August, 2013
Lincoln -- On August 9th, in perfect weather, a dozen of us assembled in Wyuka Cemetery to recall an event a hundred years earlier to the day, the International Phytogeographic Excursion's visit to Lincoln. Leading scientists of the time traveled from several different countries to observe Nebraska prairies and to learn from their Nebraska botany and ecology colleagues.* Several of the planners and participants of the 1913 event are buried at the cemetery (Charles Bessey, Samuel Avery, Frederic Clements, Frank Shoemaker, Jack Miller and William Hardy). The south fence of the cemetery is the same fence that surrounded the University of Nebraska until the early 1920s.

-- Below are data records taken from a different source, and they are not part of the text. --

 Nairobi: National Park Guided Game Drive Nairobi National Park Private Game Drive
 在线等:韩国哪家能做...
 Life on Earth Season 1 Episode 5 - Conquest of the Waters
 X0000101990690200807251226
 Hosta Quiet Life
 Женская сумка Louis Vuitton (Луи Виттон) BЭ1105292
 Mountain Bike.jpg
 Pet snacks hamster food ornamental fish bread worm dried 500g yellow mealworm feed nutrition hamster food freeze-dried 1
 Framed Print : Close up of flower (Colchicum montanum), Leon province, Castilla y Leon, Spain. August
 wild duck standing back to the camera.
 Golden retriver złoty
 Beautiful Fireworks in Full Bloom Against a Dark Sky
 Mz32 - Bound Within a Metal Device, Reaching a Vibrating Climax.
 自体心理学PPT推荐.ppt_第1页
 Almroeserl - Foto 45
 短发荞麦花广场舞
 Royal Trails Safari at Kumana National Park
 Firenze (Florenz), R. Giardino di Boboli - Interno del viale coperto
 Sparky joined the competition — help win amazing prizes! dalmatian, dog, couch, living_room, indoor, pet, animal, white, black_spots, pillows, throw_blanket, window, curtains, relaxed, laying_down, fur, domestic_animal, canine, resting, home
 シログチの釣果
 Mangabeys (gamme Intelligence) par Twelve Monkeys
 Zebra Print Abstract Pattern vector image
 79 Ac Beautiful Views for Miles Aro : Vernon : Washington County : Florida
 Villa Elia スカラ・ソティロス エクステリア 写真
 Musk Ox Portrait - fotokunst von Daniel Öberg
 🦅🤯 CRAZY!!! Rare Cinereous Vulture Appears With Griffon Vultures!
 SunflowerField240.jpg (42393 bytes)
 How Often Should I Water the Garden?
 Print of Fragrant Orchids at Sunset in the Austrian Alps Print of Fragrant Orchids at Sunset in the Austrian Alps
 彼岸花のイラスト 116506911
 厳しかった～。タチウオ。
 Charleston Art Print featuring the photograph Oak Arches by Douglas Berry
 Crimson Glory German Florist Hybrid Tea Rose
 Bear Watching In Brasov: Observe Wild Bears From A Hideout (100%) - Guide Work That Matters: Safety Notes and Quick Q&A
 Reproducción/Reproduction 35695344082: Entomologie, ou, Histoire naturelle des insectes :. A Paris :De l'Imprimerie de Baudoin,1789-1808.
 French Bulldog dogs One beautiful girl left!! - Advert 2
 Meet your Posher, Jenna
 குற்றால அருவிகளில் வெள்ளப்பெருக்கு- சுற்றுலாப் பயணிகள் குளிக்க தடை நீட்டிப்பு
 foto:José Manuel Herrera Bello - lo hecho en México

A walk through the cemetery took us by the grave markers of many other notable Nebraskans (the Pound sisters, the Eager brothers, Marjorie Barstow, Leta and Harry Hollingworth, Edgar Burnett, Erwin Barbour, Carl Hartley, Lawrence Bruner). In our party was a student of the Philippine American War who was particularly interested in Frank Eager and his important role in it; another in our group was a writer who has recounted Erwin Barbour's paleontological work around the state.
Several in our party quickly noticed an inverse relationship in some cases between size of gravestone and greatness. It was first remarked at the almost unnoticable marker of Louise Pound; the notion was reinforced at the modest stone of Erwin Barbour and highlighted even more at the plot of Frederic Clements, who had no marker whatsoever until recently. Robert Wolcott and Frank Shoemaker remain unmarked (although a conservation area north of Lincoln is named for Shoemaker).
The relationship is due at least in some instances to extraordinary commitment. University scholars and leaders in the early days gave their all, including their own financial resources, to their discipline and their institution. When Charles Bessey died, the state legislature created a fund for his widow; a Bessey successor put up his own resources to match an outside university grant. The academic and administrative life back then was often one of financial sacrifice. But such epitomizes greatness.
Accounts of the 1913 excursion suggest that the visiting international scientists did not spend as much time exploring prairies around Lincoln as they wanted. Commercial interests in Lincoln apparently saw the 1913 visitors as potential international boosters and took up much of their time with promotions and speeches. Some of the visitors escaped to look at prairies north and west of the city, however briefly, before their train departed the old Burlington station in the early evening of August 9, 1913.
Our small party, however, lunched not in the city with business boosters but on a prairie a few miles northwest owned in 1913 by the Eager** family, near the site of Nine Mile Prairie, a tallgrass prairie now on the National Register of Historic Places. Research on these prairies and on others nearby led to the establishment of what is known as the Grasslands or Nebraska school of ecology. This approach to ecology reached its apogee in 1929 with the publication of Frederic Clements' and John Weaver's Plant Ecology, a text that would be used throughout the world for generations.
* The University of Nebraska had established itself as one of the leading universities in the nation (admitted to the Association of American Universities in 1909) based largely on the reputation of its natural sciences faculty.
** In the 1970s, George Eager, son of Frank Eager, raised bison on the original Eager homestead north of Lincoln near Davey.